El fenómeno de las migraciones del campo a la ciudad, del abandono de las poblaciones rurales, dejó de ser un asunto abstracto, neutro, lógico y objetivo, cuando escuché a Vicente Fernández cantar: «allá atrás de la montaña, donde temprano se oculta el sol, quedó mi ranchito triste y abandonada ya mi labor»… El sentimiento con el que cantaba esta y todas sus canciones, lograron transmitir la dimensión humana que tiene este constante flujo migratorio.
Aunque utilizó un tono festivo al decirnos cantando que la migra le hizo los mandados, en esa canción dedicada a quienes emigran en busca del «sueño americano», no deja de compartirnos también las enormes dificultades que deben afrontar los compatriotas que intentan muchas veces ingresar a lis Estados Unidos.
Supe de su condición de ídolo popular y del afecto que le dispensaba el pueblo, en una de las tantas ocasiones en que prematuramente corrió el rumor (falso) de que había muerto. Hace más de cuarenta años, el teléfono fijo (no había de otros) de la casa familiar, sonó repetidamente para ver si la «muchacha» que ayudaba (más bien se hacía cargo) con las tareas domésticas, sabia si era cierta la noticia del fallecimiento del ídolo que cantaba y vestía de charro. El tono de preocupación en el que se desarrollaron esas lejanas – en el tiempo- conversaciones telefónicas, le daban un toque de sentimiento y angustia personal a la noticia.
En algún momento que no puedo precisar, Vicente Fernández fue aceptado, adoptado y escuchado por segmentos de la sociedad con más poder adquisitivo. El pueblo, el sabio pueblo, lo aceptó desde el principio, pues desde el principio le cantó al pueblo, le cantó al amor, le cantó a los pobres, a los enamorados, a la mujer, a los caballos, a los gallos, a los migrantes, a la vida, a los tahures, a los palenques, a las «malas» mujeres, a los hombres valientes, a las buenas mujeres, a las carreras de caballos, a la vida del campo.

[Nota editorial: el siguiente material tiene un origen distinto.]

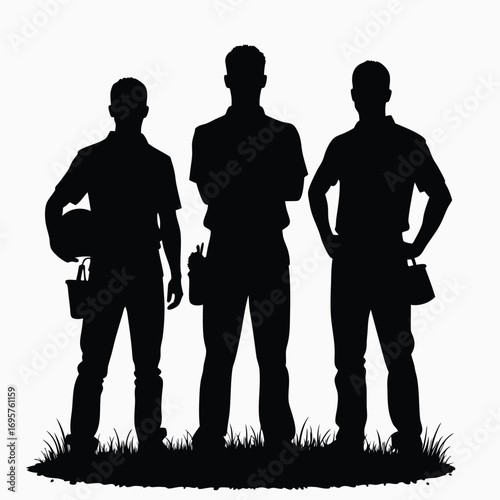 Three construction workers in silhouette with tool belts and hard hats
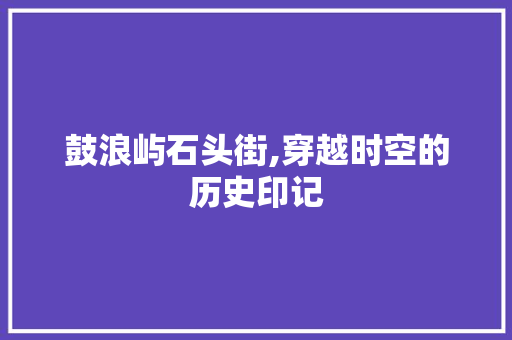 鼓浪屿石头街,穿越时空的历史印记  第1张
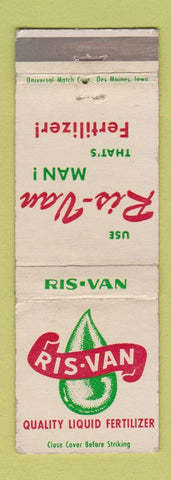 Matchbook Cover - Ris Van Liquid Fertilizer Blue Earth MN Belmond IA WEAR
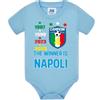 BrolloGroup Body Neonato Napoli Calcio Scudetto Campioni D'Italia 2025 4 Scudetti Personalizzato Con Nome e Numero PS 28161-NAP-6-BS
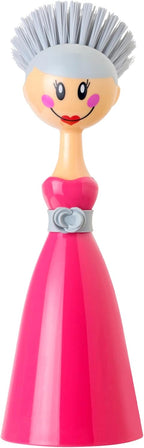 Vigar Dolls Dish Brush with Ergonomic Handle and Dress-Shaped Brush Holder, Dish Brush with Handle for Kitchen Dishes and Sink Cleaning, Pink, Gray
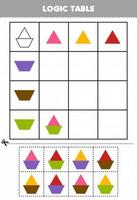 Education game for children logic table geometric shape triangle and trapezoid printable worksheet vector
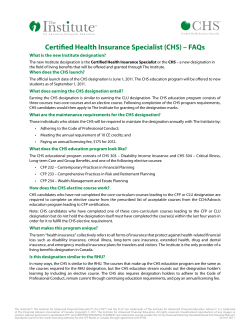 Certified Health Insurance Specialist (CHS) &ndash; FAQs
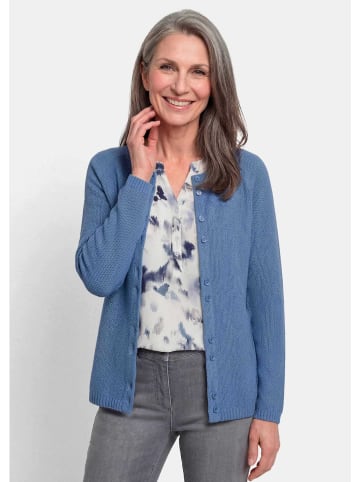 GOLDNER Cardigan aus Baumwolle, Rundhals in rauchblau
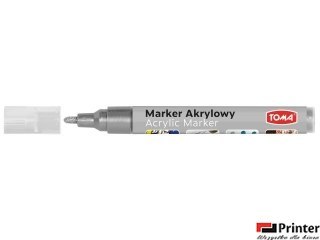 Marker akrylowy, fibrowa końcówka okrągła 2-5mm, srebrny TO-402 Toma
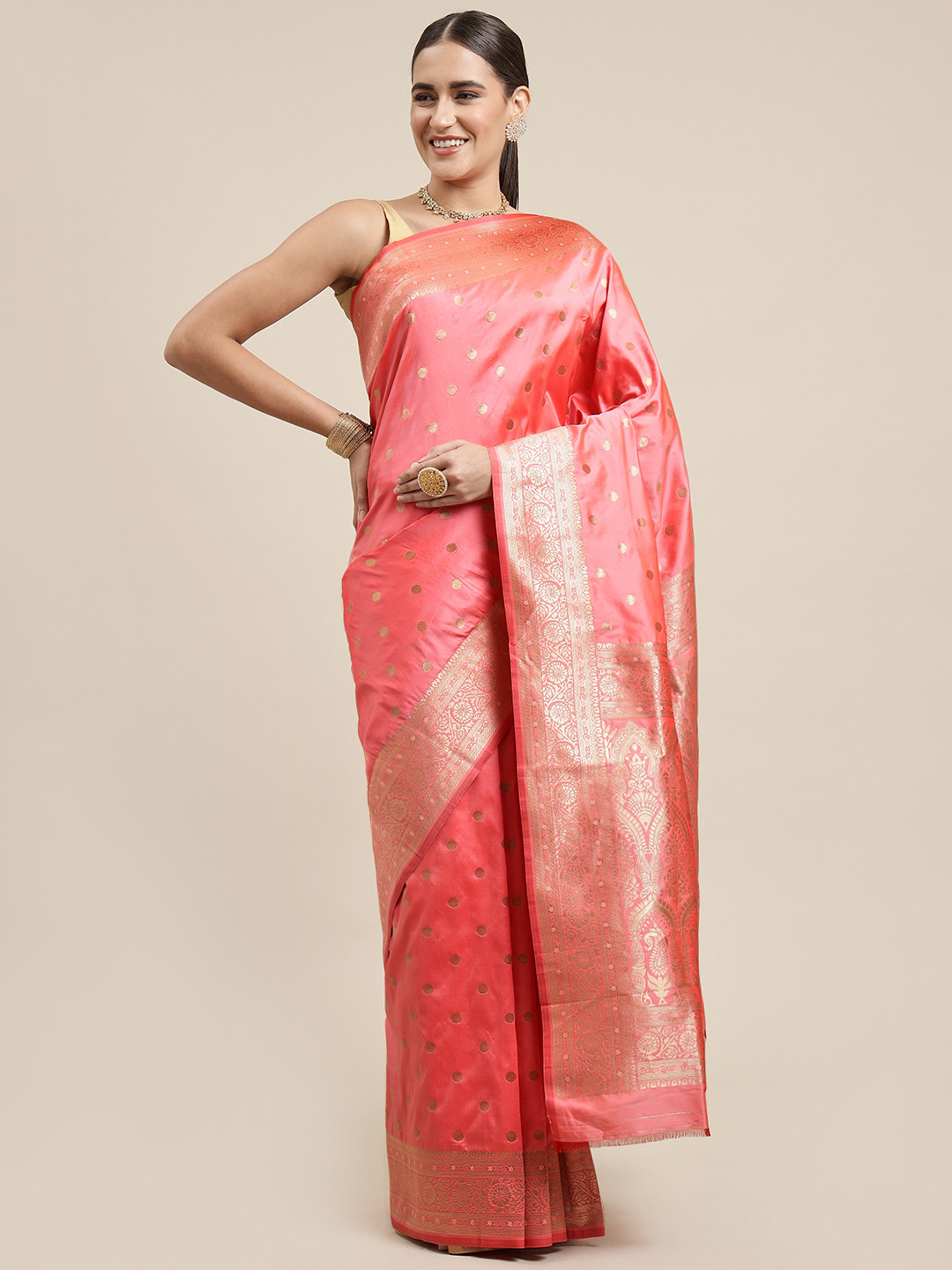Royal Rajgharana Saree Peach-Coloured & Gold Silk Blend Celebrity Paithani Sarees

Yo escuché, le tome el gusto y aprendí las canciones de Vicente Fernandez, por mi amigo Samuel Diaz, fallecido a muy temprana edad. En su carro en el que muchas veces paseamos, en su casa donde siempre recibí el afecto de su familia y en el rancho de su padre, en todos esos sitios escuchamos y cantamos las canciones de don Vicente Fernández.